§ Entries provided
----

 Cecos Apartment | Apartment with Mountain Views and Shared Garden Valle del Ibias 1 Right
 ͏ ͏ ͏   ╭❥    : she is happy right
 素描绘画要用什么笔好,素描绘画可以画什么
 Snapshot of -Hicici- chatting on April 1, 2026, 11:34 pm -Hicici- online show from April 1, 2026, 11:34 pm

----

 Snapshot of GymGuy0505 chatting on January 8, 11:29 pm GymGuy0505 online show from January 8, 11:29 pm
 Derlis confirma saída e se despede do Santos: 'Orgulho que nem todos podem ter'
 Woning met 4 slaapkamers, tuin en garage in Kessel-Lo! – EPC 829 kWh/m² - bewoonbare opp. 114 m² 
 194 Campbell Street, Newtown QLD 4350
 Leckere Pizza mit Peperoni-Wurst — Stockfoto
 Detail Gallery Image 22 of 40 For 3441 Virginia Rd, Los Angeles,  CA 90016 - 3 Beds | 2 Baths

----

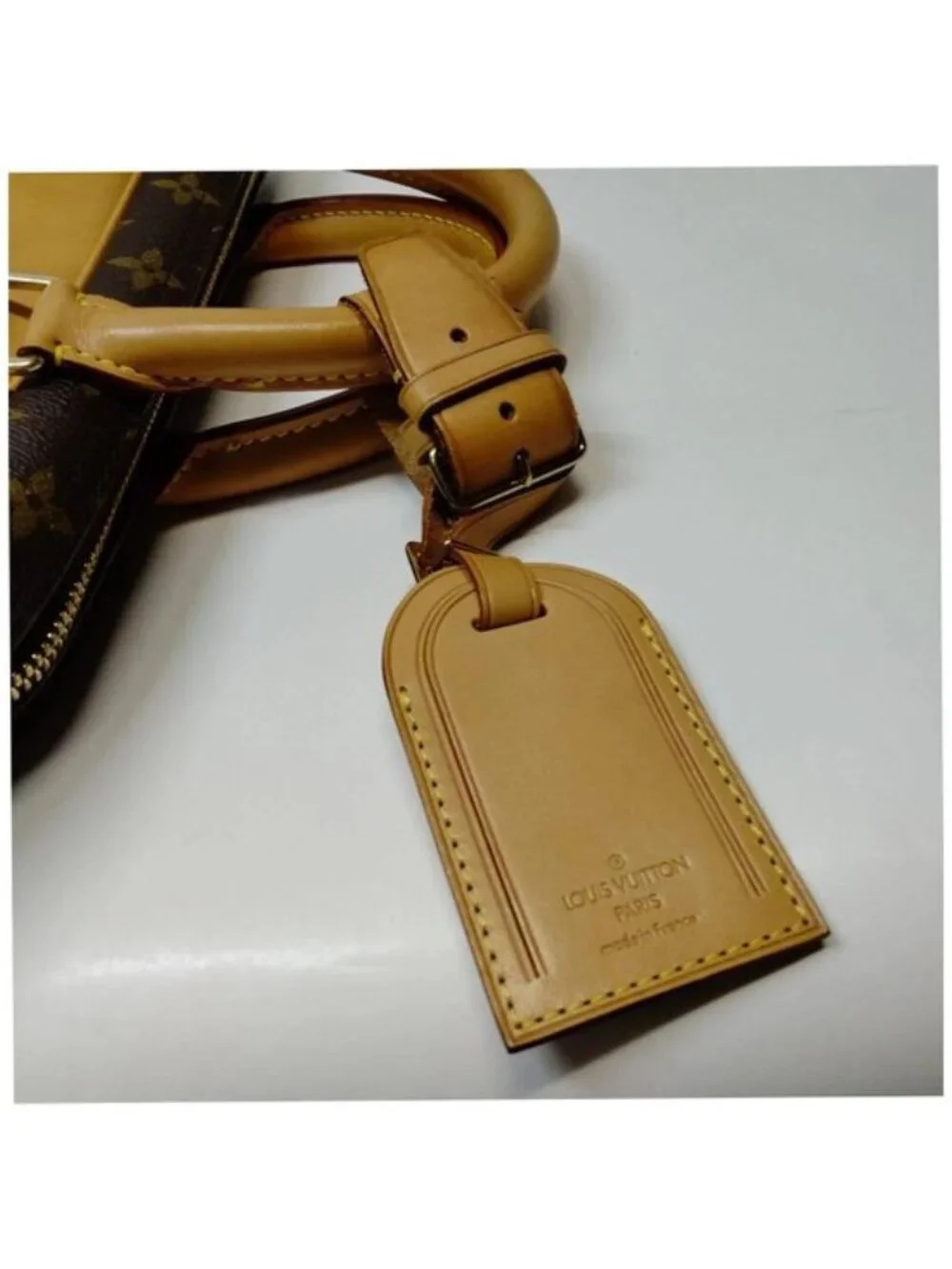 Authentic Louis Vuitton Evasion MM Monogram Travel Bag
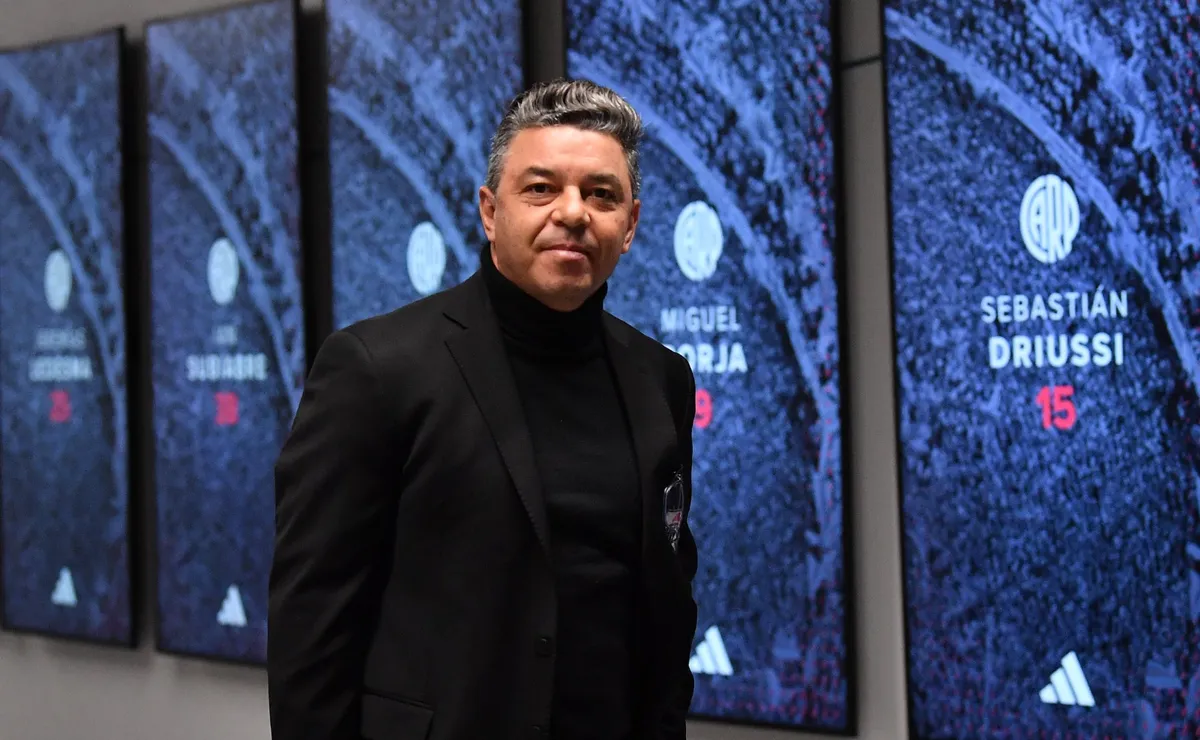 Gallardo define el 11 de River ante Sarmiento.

----

§ What you need to do
Determine how many lines in the listing above hold the word "from", answering with the number only.

§ Result for this exercise
2